While the causes of rosacea remain uncertain, the triggers that lead to flare-ups of the condition are understood. Triggers bring blood to the face; drinking wine represents one such example. Rosacea flare-ups can also accompany menopause, or be a symptom of caffeine withdrawal.
The National Rosacea Society has surveyed over 1,000 patients and found a long list of triggers. Most of them were reported by a minority of patients, but the following five were common to more than half of the patients surveyed.
The best technique to avoid triggers is to keep a record of your flare-ups, noting the weather, your emotional state, any recent activities and the foods you’ve eaten. If a pattern emerges, you’ll know which triggers to avoid.

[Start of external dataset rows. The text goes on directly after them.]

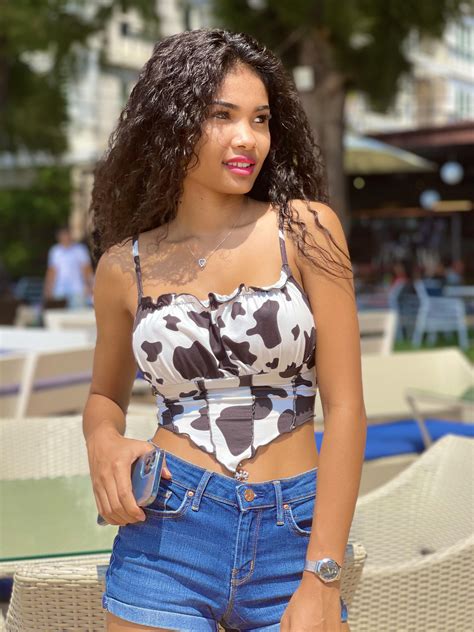 So lovely 💖 Subscribe to 💌 https://onlyfans.com/manirat_42 : r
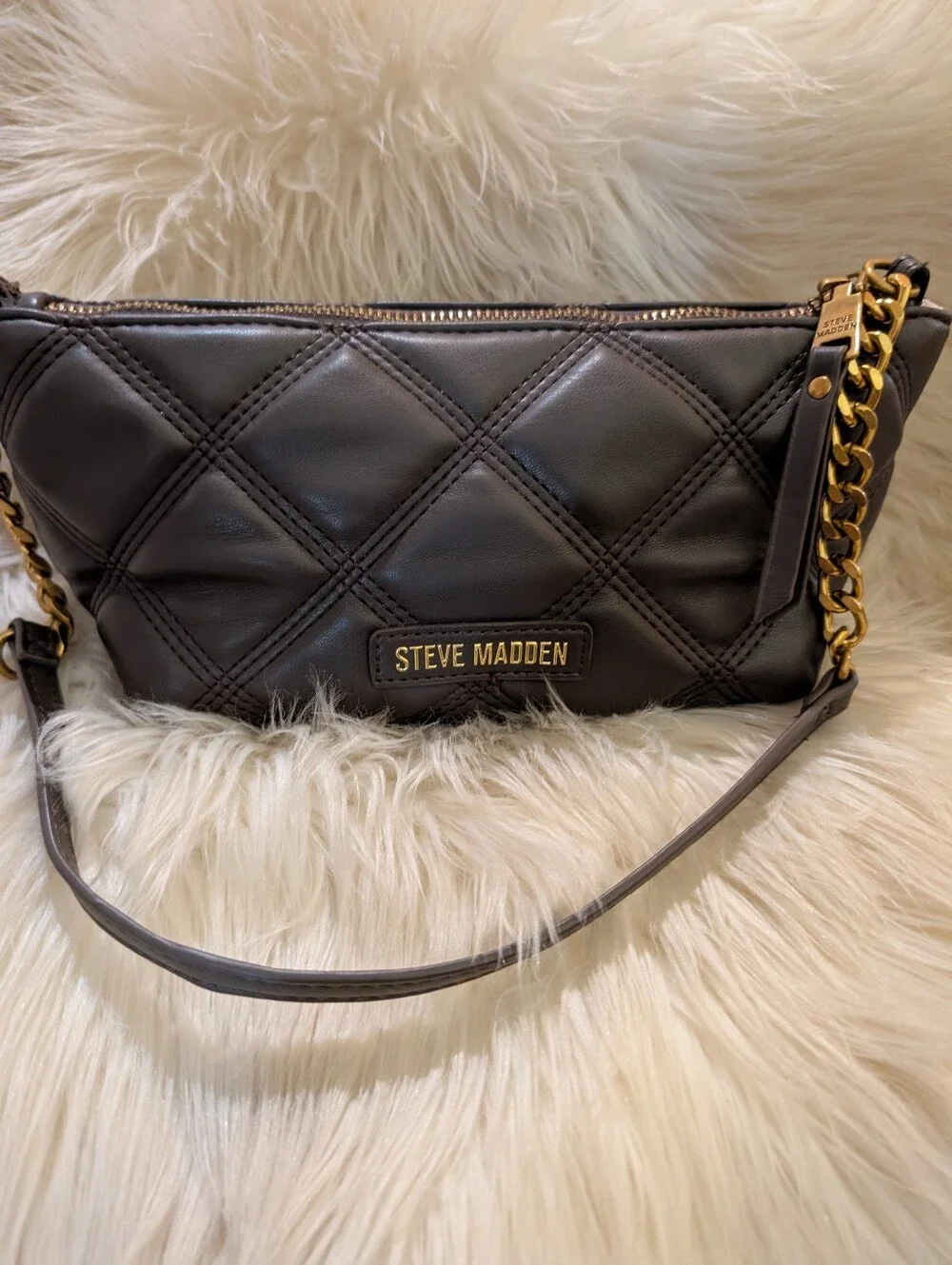 Steve Madden Mini Quilted Chain-Trim  Bag in An Olive Green/Grey
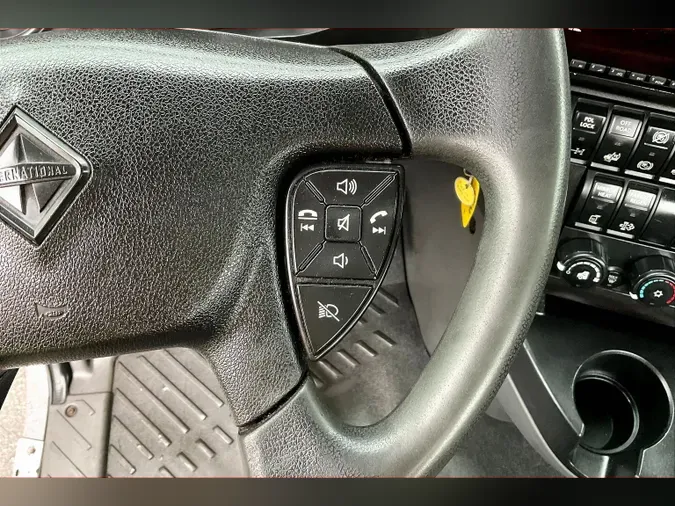 2021 INT LT625 6x4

- Weather conditions: Exposure to the sun is the most commonly reported trigger. It’s recommended patients wear broad-brimmed hats and apply sunscreen regularly. Strong winds and hot weather in general will trigger flare-ups in many cases.
- Emotional state: Another trigger almost as widely reported as sun exposure is emotional stress. This trigger can be especially upsetting to patients at work where the rosacea flare-up can even increase the stress. It can also complicate an already embarrassing social situation when the rosacea suddenly reddens a face, signalling to everyone just how upset the person is.
- Lifestyle factors: While not as common as the sun or stress factors, lifestyle can also trigger flare-ups. Exercise, alcohol and hot baths can actually intensify rosacea. Of course, people who find that exercise triggers intense rosacea shouldn’t stop exercising. Instead, they only need to change their exercise programs so they become less intense. Stay well hydrated by drinking plenty of water, and when the workout is finished be sure to cover your head with a cool, wet cloth.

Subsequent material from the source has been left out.